Nicholas Carr a écrit dans le Harvard Business Review que «IT Doesn't Matter». À son avis, le fait que les technologies de l'information soient offertes à toute organisation possédant les moyens de les acheter signifie qu'aucune organisation ne peut espérer en tirer un avantage concurrentiel. C'est la rareté d'une ressource qui lui confère sa valeur.

On peut donc se demander si les TI ou certains aspects des TI en entreprise sont des ressources rares. Le matériel TI, comme les ordinateurs, les réseaux, les systèmes d'exploitation ou les bases de données, ne sont pas rares. L'accès aux technologies de l'information s'est démocratisé au cours des dernières décennies. Avec le temps, le matériel TI devient à la fois plus puissant et moins coûteux à acquérir.

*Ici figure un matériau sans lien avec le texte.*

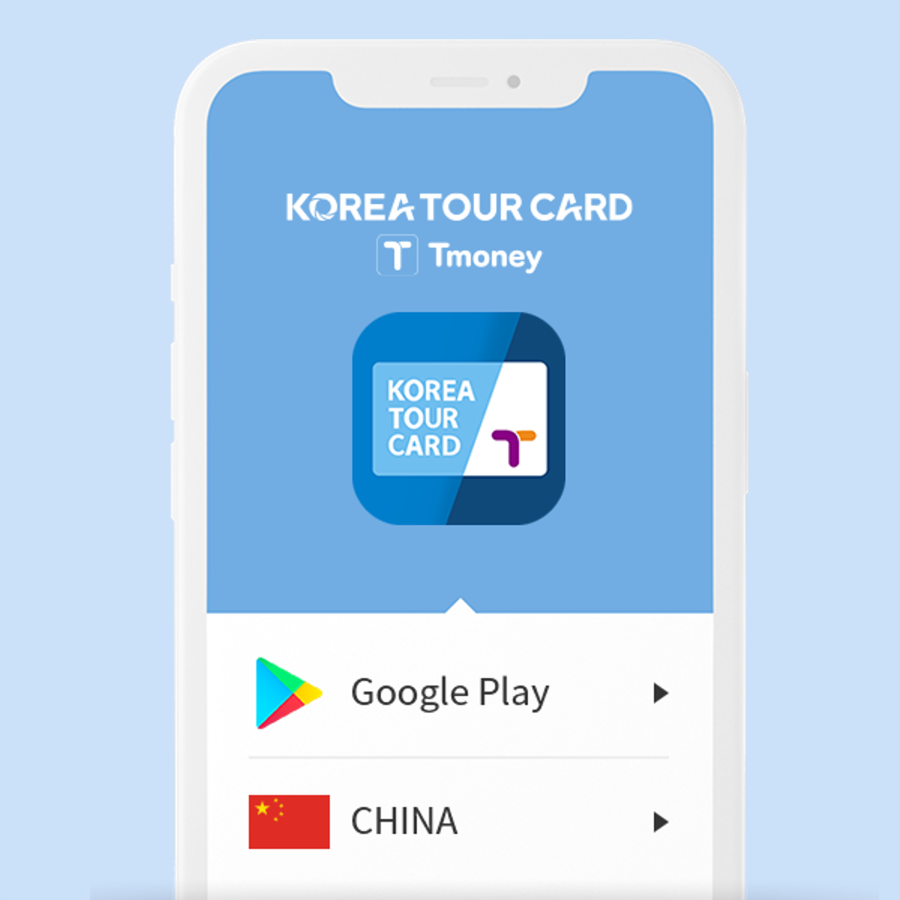 korean apps, korean subway map, seoul itinerary, self-guided trip, korea tourist package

S'assurer que la plateforme technologique soit disponible et fonctionne correctement exige des compétences techniques. Est-ce que ces compétences sont rares? Pour des organisations qui ont décidé de conserver l'exploitation du matériel informatique à l'interne, certains postes spécialisés sont parfois difficiles à combler de façon satisfaisante. Mais pour un grand nombre d'entreprises, petites et grandes, l'impartition du matériel et de son exploitation est une option accessible et fiable. Selon la logique de Carr, exploiter le matériel informatique ne peut fournir un avantage concurrentiel.

Pour que les TI puissent procurer des avantages concurrentiels, il faut qu'elles soient intégrées aux processus d'affaires de l'organisation, qu'elles appuient sa capacité d'innover et de changer, qu'elles soient complémentaires aux compétences d'affaires de son personnel et de sa culture et que cette intégration soit faite sur une base soutenue qui ne perturbe pas les activités quotidiennes.

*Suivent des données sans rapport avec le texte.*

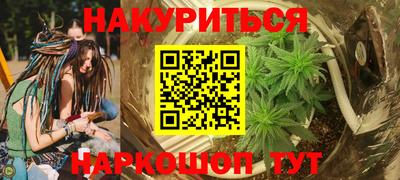 гашик Северобайкальск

Est-ce que les compétences permettant l'intégration des TI et des affaires sont rares? Pour certains processus «sans valeur ajoutée», tels le traitement de la paie ou la gestion du parc de micro-informatique, la réponse est non. Mais pour les processus qui distinguent l'organisation de sa concurrence, la réponse est oui. «IT does matter» quand les technologies sont bien intégrées avec les processus-clés de l'organisation.

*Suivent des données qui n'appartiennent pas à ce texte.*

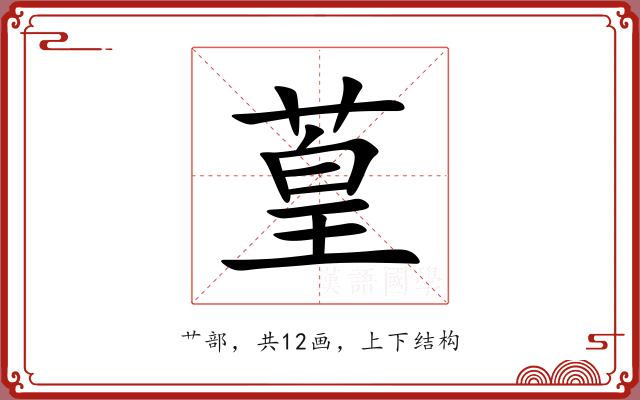 葟 葟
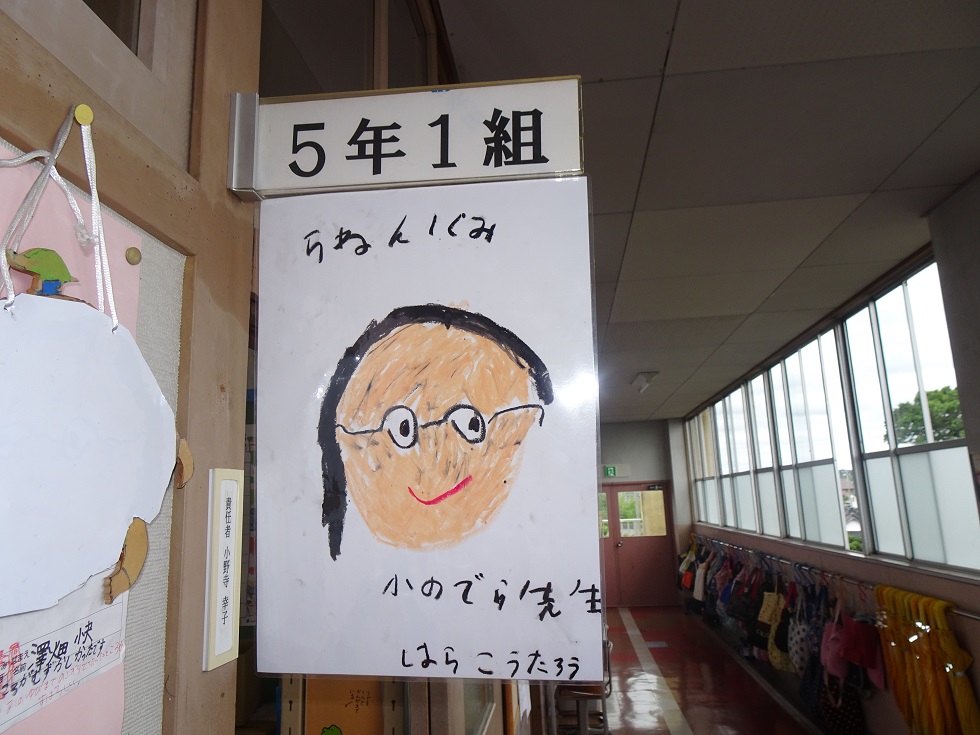 010708 5年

Réaliser cette intégration demande un personnel polyvalent ayant des compétences en technologie, une connaissance aiguisée des affaires et de la gestion et une capacité à communiquer et à négocier à différents niveaux, tant à l'intérieur qu'à l'extérieur de l'organisation. Gérer la relève en TI signifie, pour un grand nombre d'organisations, de s'assurer de la continuité des postes-clés, tels ceux d'analystes d'affaires, de gestionnaires de projet, d'architectes de l'information et de gestionnaires de processus.

Les universités, surtout les écoles de commerce et d'administration, proposent actuellement une formation qui prépare très bien les étudiants à une carrière orientée vers l'intégration des TI et des affaires. La principale faiblesse de ces diplômés est reliée à leur manque d'expérience dans des environnements réels. Il est difficile de faire vivre aux étudiants l'interaction de la technologie, des processus d'affaires, de la culture, de la résistance au changement, de l'organisation et de l'industrie dans une salle de classe. L'importance de la participation des organisations à l'éducation de la prochaine génération d'intégrateurs affaires-technologie ne peut être sous-estimée.

Depuis un an, un groupe d'universités et d'entreprises, la Coalition canadienne pour une relève en TIC (ccict.ca), s'engage activement à bâtir la relève pour les compétences-clés en technologies de l'information et des communications. La Coalition cherche à trouver des moyens d'attirer des jeunes étudiants vers des carrières en intégration des TI et des affaires. Le groupe s'active à rendre plus visible la formation et les carrières dans le Business Technology Management (BTM).

Les quatre écoles de commerce de Montréal et celle de l'Université Laval à Québec participent activement à ces efforts. HEC Montréal est membre du comité exécutif du programme BTM. Le groupe est en train de mettre au point des mécanismes visant à rendre les diplômés encore plus productifs dès leur embauche. La réussite repose sur un partenariat entre l'industrie et l'université et sur la visibilité des carrières en intégration des TI et des affaires.